From: Qu Wenruo <quwenruo.btrfs@gmx.com>
To: Lukas Straub <lukasstraub2@web.de>
Cc: Martin Raiber <martin@urbackup.org>,
Paul Jones <paul@pauljones.id.au>,
Wang Yugui <wangyugui@e16-tech.com>,
"linux-btrfs@vger.kernel.org" <linux-btrfs@vger.kernel.org>
Subject: Re: [PATCH DRAFT] btrfs: RAID56J journal on-disk format draft
Date: Mon, 6 Jun 2022 19:21:42 +0800 [thread overview]
Message-ID: <c4c298bf-ca54-1915-c22f-a6d87fc5a78f@gmx.com> (raw)
In-Reply-To: <252577ba-1659-62f8-fc44-fea506eb97b7@gmx.com>
On 2022/6/6 16:16, Qu Wenruo wrote:
>
>
[...]
>>>
>>> Hello Qu,
>>>
>>> If you don't care about the write-hole, you can also use a dirty bitmap
>>> like mdraid 5/6 does.
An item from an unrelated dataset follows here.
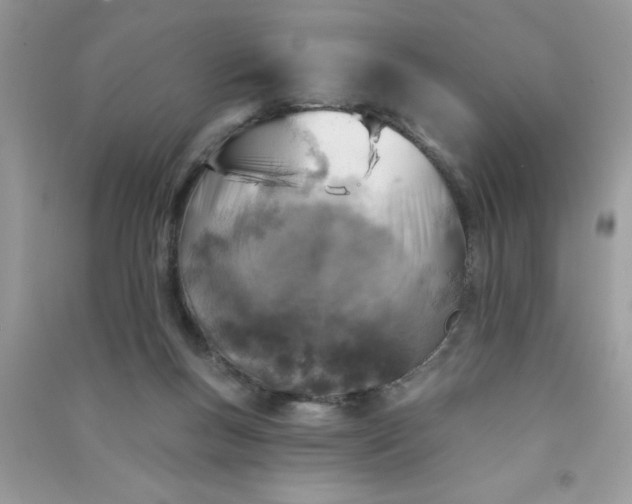 X0000091000167200708161945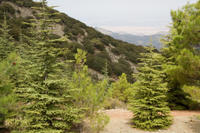 Cyprus, Madari ridge trail, 1e etappe. Cederbomen Cyprus, Madari ridge trail, 1e etappe. Cederbomen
There, one bit in the bitmap represents for
>>> example one gigabyte of the disk that _may_ be dirty, and the bit is
>>> left
>>> dirty for a while and doesn't need to be set for each write. Or you
>>> could do a per-block-group dirty bit.
>>
>> That would be a pretty good way for auto scrub after dirty close.
>>
>> Currently we have quite some different ideas, but some are pretty
>> similar but at different side of a spectrum:
>>
>> Easier to implement .. Harder to implement
>> |<- More on mount time scrub .. More on journal ->|
>> | | | \- Full journal
>> | | \--- Per bg dirty bitmap
>> | \----------- Per bg dirty flag
>> \--------------------------------------------------- Per sb dirty flag
>
> In fact, recently I'm checking the MD code (including their MD-raid5).
>
> It turns out they have write-intent bitmap, which is almost the per-bg
> dirty bitmap in above spectrum.
>
> In fact, since btrfs has all the CoW and checksum for metadata (and part
> of its data), btrfs scrub can do a much better job than MD to resilver
> the range.
>
> Furthermore, we have a pretty good reserved space (1M), and has a pretty
> reasonable stripe length (1GiB).
> This means, we only need 32KiB for the bitmap for each RAID56 stripe,
> much smaller than the 1MiB we reserved.
>
> I think this can be a pretty reasonable middle ground, faster than full
> journal, while the amount to scrub should be reasonable enough to be
> done at mount time.
Furthermore, this even allows us to go something like bitmap tree, for
such write-intent bitmap.
And as long as the user is not using RAID56 for metadata (maybe even
it's OK to use RAID56 for metadata), it should be pretty safe against
most write-hole (for metadata and CoW data only though, nocow data is
still affected).
Thus I believe this can be a valid path to explore, and even have a
higher priority than full journal.
Thanks,
Qu
>
> Thanks,
> Qu
>>
>> In fact, the dirty bitmap is just a simplified version of journal (only
>> record the metadata, without data).
>> Unlike dm/dm-raid56, with btrfs scrub, we should be able to fully
>> recover the data without problem.
>>
>> Even with per-bg dirty bitmap, we still need some extra location to
>> record the bitmap. Thus it needs a on-disk format change anyway.
>>
>> Currently only sb dirty flag may be backward compatible.
>>
>> And whether we should wait for the scrub to finish before allowing use
>> to do anything into the fs is also another concern.
>>
>> Even using bitmap, we may have several GiB data needs to be scrubbed.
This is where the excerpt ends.